I was intrigued by her description of the book but didn’t think much of it until my aunt asked me what I wanted for Christmas. I couldn’t think of anything, until suddenly “The Decameron” came to my mind. I loved reading and was always looking for a good book, so I thought I’d give it a try and see whether or not it was all my teacher claimed it was.

I didn’t realized what I was getting myself into until my aunt called the next day, asking if my mother thought “The Decameron” was an appropriate gift for a fourteen year old. “There’s a naked lady on the cover,” I heard her inform my mother over the phone. My mother assured her it was fine and said I’d heard about it from a respected teacher. “I just wanted to make sure you were aware,” was my aunt’s reply. After my mother had hung up the phone, she asked me what the book was about. I realized I had no idea, so I simply shrugged and said “the Italian Renaissance.”

On Christmas Eve, as my family finished dinner and began watching our traditional holiday movies, our phone rang. No one thought much of it at first. My father excused himself to answer it and when he came back I could tell from the expression on his face that it was “the call.” The one that crossed my mind every time the phone rang, that made my heart speed up and my hands begin to sweat. The one we had been waiting for since the nurses told us my grandmother wasn’t doing well, and that we should visit if we wanted to say goodbye.
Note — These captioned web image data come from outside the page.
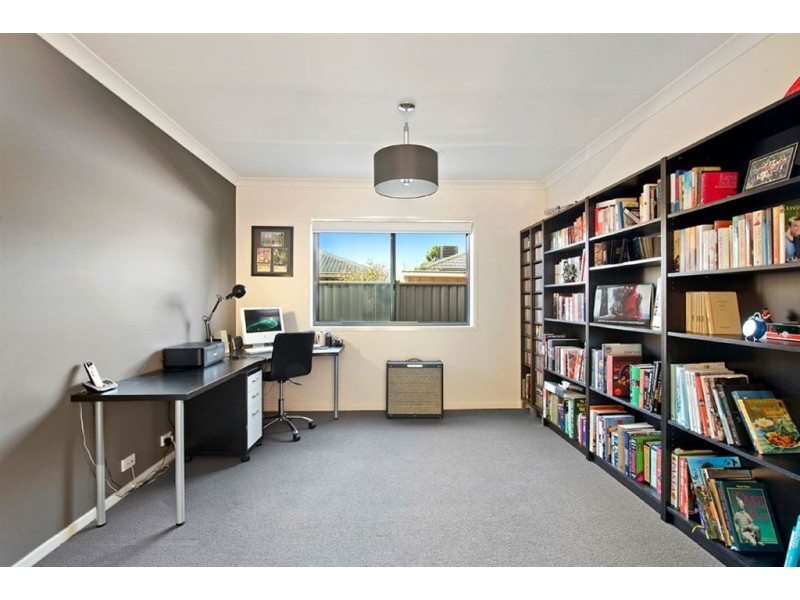18 Nuthall Way, Epping VIC 3076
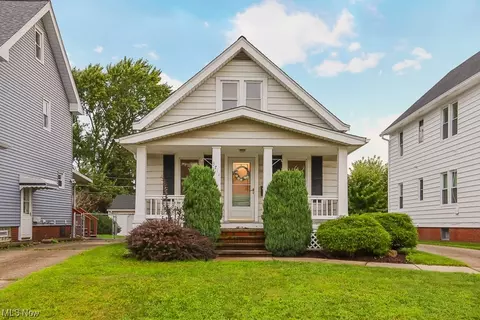 3714 Pershing Ave, Parma, OH 44134 photo 1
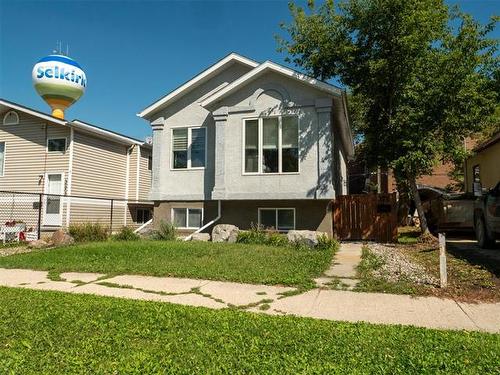 321 Mclean Ave, Selkirk, MB 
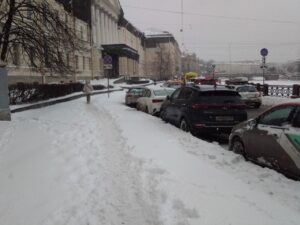 После ночной метели Петербург завален снегом. Как горожане добираются до работы и что говорят о качестве уборки
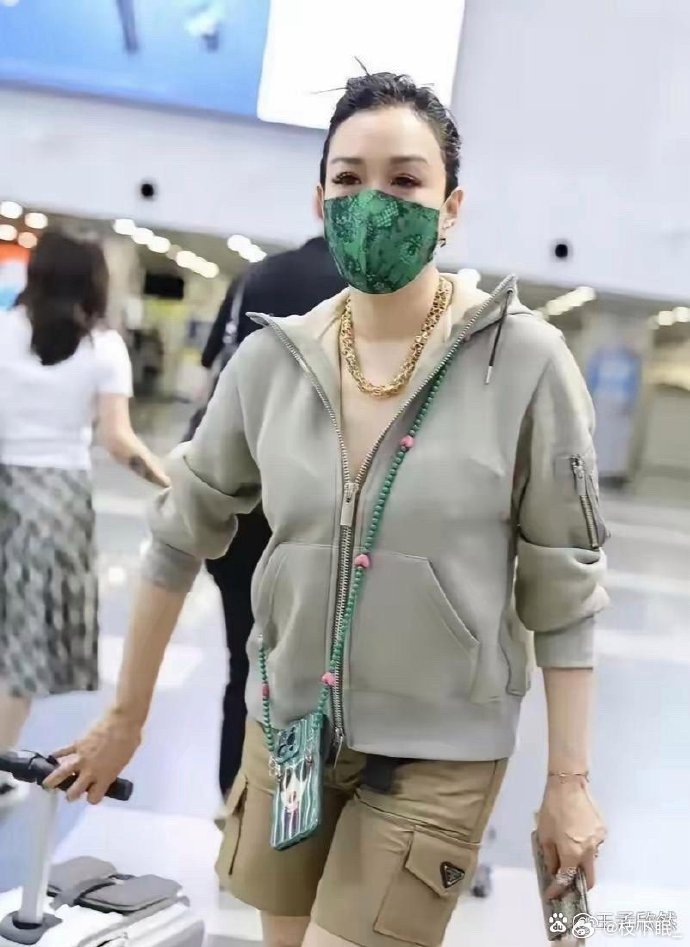 网友机场偶遇钟丽缇，气质出众成焦点，宛如清新风景，自然吸引目光。 ​​​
My grandmother died that night and I did not know what to do. She was the only grandparent I had known and with one phone call she was gone. It was a delicate dance of balancing our grief and celebrating Christmas. We cried that night but opened presents the next day. It was strange and uncomfortable, a new territory none of us knew how to navigate. My parents spoke to my relatives to plan her funeral and arrange travel itineraries, while I sat in my room, unsure of what exactly I was supposed to be doing.

I started reading “The Decameron” then, party because I didn’t know what else to do and partly because I always read, and reading made things feel more normal in a way. I soon discovered “The Decameron” was about a group of friends who go to the countryside to wait out the Black Death and pass the time by telling each other stories. The work is set up as a frame story, or a series of smaller stories within one larger, overarching story. The main story is that of the friends trying to escape the plague, while the smaller stories are the ones they tell each other. Ten stories are told each day and each day has a certain theme. The themes range from trickster stories to adventures that go wrong but end happily, among others.

Although I didn’t realize it at the time, “The Decameron,” which Boccaccio wrote around 1353, was arguably one of the most influential works written during the Renaissance. The majority of writing and published work before “The Decameron” focused on religion or the aristocracy. “The Decameron” marked a shift toward literature about everyday people. It focuses not on lords or wealthy royals, but a group of commoners. It provided average people with the rare chance to read a book in which they were the stars.

After “The Decameron,” there was an increase in work written with a frame-story structure, something that arguably laid the groundwork for the structure of Cervantes’ “Don Quixote.” “Don Quixote” is considered by many to be the first real “novel” that resembles the novels in modern day society. By extension, it can be said “The Decameron” helped make the novels we have today possible.

Beyond its influence during and after the Renaissance, what struck me the most about the novel was the way it grappled with death and mortality. It was written in the wake of one of the most devastating plagues humans have known, yet the stories themselves are mostly about having fun. It’s a work filled with wit, humor and stories about humans following their desires and simply having a good time. As one of the blurbs on the back of my copy stated, “It’s purely a celebration of being alive.”

Essentially, Boccaccio’s response to such death and destruction was to live. To enjoy life while it’s possible to and pursue happiness and fulfillment without holding back. In the wake of my grandmother’s death, it helped me see that life in a way is more meaningful because it does not last forever, and we must try to make the most of the time we have.